Part crowd-pleasing sports story, part social critique, this new documentary is a love letter to the game and spirit of American football.

Football holds a complicated and contentious place in American culture. For years it has been known as physically dangerous, with the devastating consequence of repeated blows to the head becoming more and more evident every day. But despite this, football remains omnipresent, generating billions of dollars every year. The Super Bowl, the unquestionable pinnacle of the sport, is year after year the most watched event on television, standing on one of the last vestiges of American monoculture. Some people love football, holding it central to their identity, while other despise it as an example of the ills of society.

One aspect of football’s controversy is its reputation as an overwhelmingly masculine sport. It is played almost exclusively by men, and certainly only by men at a level that generates substantial money. But a new documentary making its debut at SXSW this year makes the argument that this is more a construct of culture than interest or talent. The Herricanes, a new documentary from director Olivia Kuan, tells the forgotten story of the Houston Herricanes, an all-women, full tackle football team that was founded in the late 1970s.

The Herricanes were not the first women’s tackle football team, nor could they honestly be described as the best. Kuan’s entry into the world is more personal: Her mother played for the team, which existed from 1976–1979. The team was “professional,” but players weren’t paid and the league they played for struggled to stay afloat year to year, with different teams folding and opening as interest was piqued by players and an audience struggled to form. The Herricanes is less about a team that led the way and more a window into a movement that still exists today, though very much in the shadow of their male counterparts. (Not accidentally.)

The core story of The Herricanes splits in two distinct directions. One path is the story of the specific team, a collection of women from all walks of life who came together to play American football for their home town. The arc of their story follows a fairly standard Hollywood structure: initially a misfit batch of untrained fans, barely able to score, they slowly were able to coalesce as a team and eventually even challenge their dreaded rivals, the dominant Oklahoma City Dolls. This story is mostly told through recreations and archival footage of the real Herricanes running practices, as actual game footage is sadly few and far between. The arc of this story resonates as well as any plotted sports drama, and is given special weight due to Kuan’s personal connection.

The other half of the story is perhaps more engaging. The story of all-female football didn’t die in the ‘70s, though it took nearly 20 years for leagues to find even shaky ground. But the social dynamics of what has kept women out of big money competitive football is explored in depth in the documentary.

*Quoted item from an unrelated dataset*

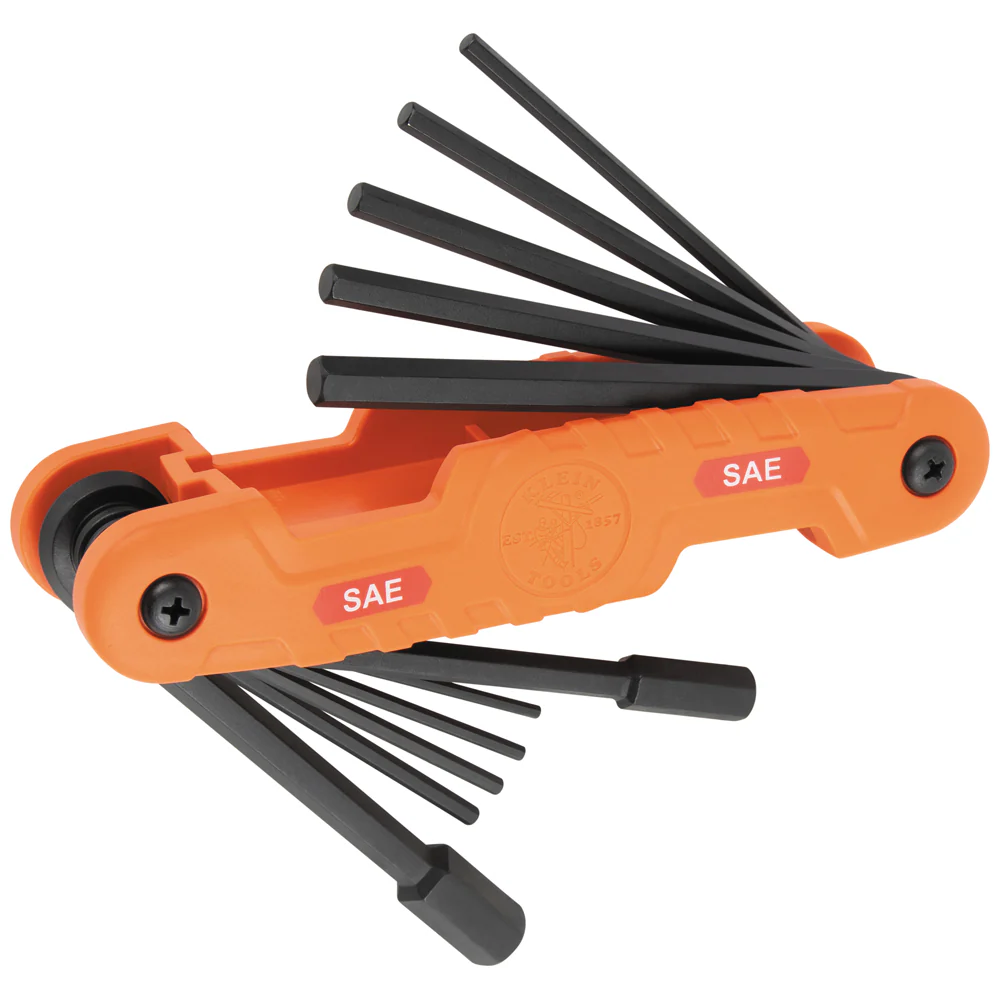 Klein 70550 Pro Folding Hex Key Set 11-Key SAE Sizes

Central to Kuan’s argument is the role of Title IX, the landmark legislation that required all academic programs to equitably include both genders. Yet while some sports have seen a rise in funding and access for female athletes, football remains an almost exclusively male sport at the academic level, due in part to assumed gender self-isolation. Thus a self-repeating cycle establishes itself: There is no football for girls due to their lack of interest, mostly because the opportunities don’t present themselves.

But Herricanes is ultimately about more than football in a vacuum, because as the film itself argues, football doesn’t exist in a social vacuum—it is a component of social hierarchies that support and uplift men by design, not as a byproduct. Topics ranging from racial discrimination to bias based on sexual identity are all explored, including how the Herricanes’s experience provided a unifying theory about how a love of football is provided as an outlet for male aggression and competitiveness, but women are denied a similar outlet. As Kuan’s own mother explains, she was once told that having football on your resumé made you a more desirable employee as it taught teamwork and emotional fortitude. When she did include it in a resumé, however, an interviewer assumed she was a man.

The film balances this split in interest fairly even-handedly with the story of the Herricanes’s gradual rise within their sport and the overall structures that impact women’s interest in football today. The film doesn’t seem especially interested in the larger ethical concerns around football in totality, for better or worse. Rather, it simply loves the game, and the unity and family that love creates. Perhaps the film sidesteps the potential cost of that love, but it has so many things already on its mind that it simply might imbalance the whole thing. Like it or not, football is a central part of American culture, and as long as it is, The Herricanes compellingly argues that women should have a seat at the table.